REQUIRED ACTION: Look through the entries below and extract exactly the lines from the one containing "Ferragamo Black Heeled" through the one containing "Convites Elegante Glitter", ends included.

EXERCISE MATERIAL:
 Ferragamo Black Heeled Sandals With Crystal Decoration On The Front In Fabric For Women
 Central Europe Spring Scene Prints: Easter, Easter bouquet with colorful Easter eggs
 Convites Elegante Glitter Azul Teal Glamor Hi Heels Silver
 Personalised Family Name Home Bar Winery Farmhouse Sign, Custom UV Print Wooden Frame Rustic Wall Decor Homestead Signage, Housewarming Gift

==

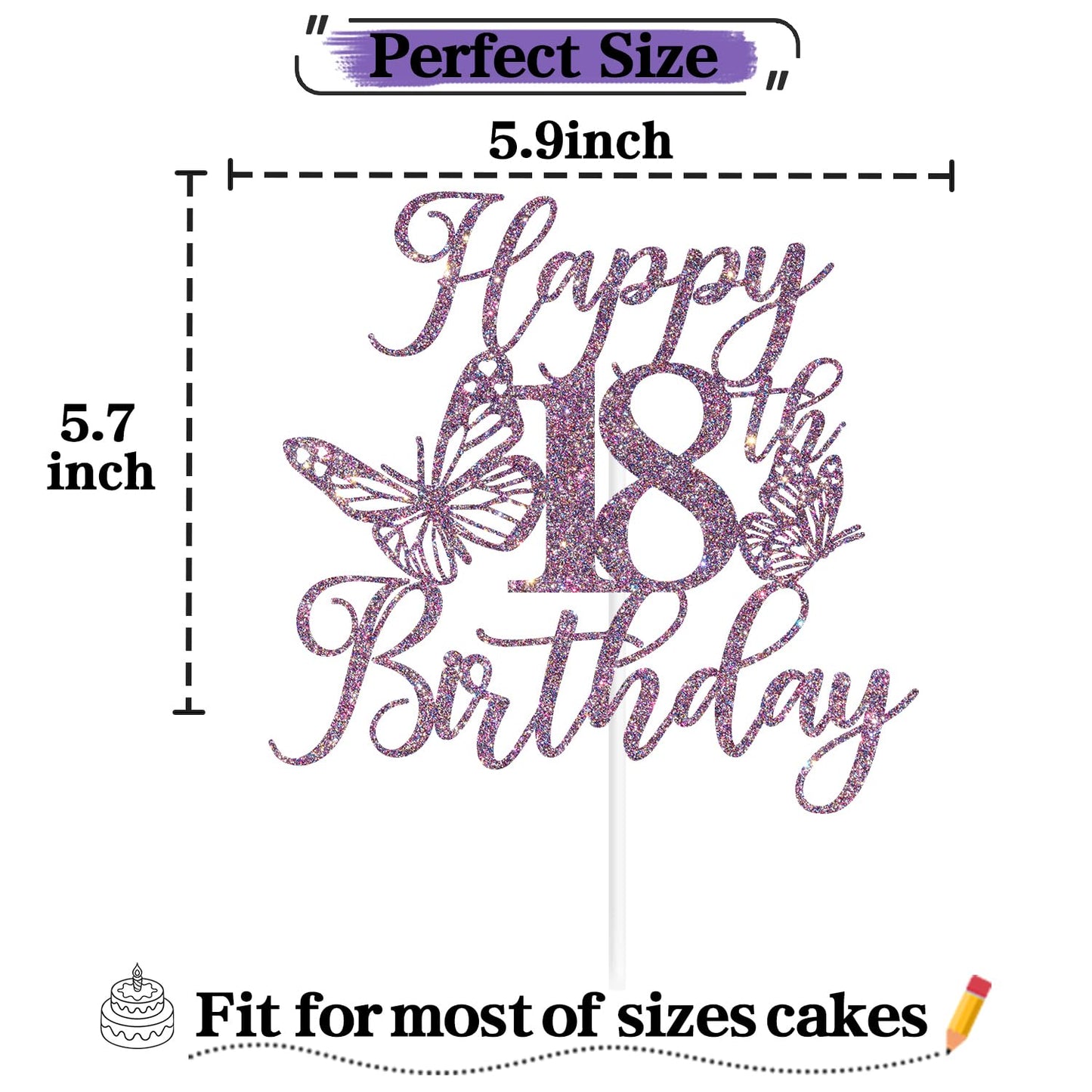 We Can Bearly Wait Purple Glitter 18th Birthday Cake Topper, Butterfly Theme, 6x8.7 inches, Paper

EXPECTED ANSWER:
 Ferragamo Black Heeled Sandals With Crystal Decoration On The Front In Fabric For Women
 Central Europe Spring Scene Prints: Easter, Easter bouquet with colorful Easter eggs
 Convites Elegante Glitter Azul Teal Glamor Hi Heels Silver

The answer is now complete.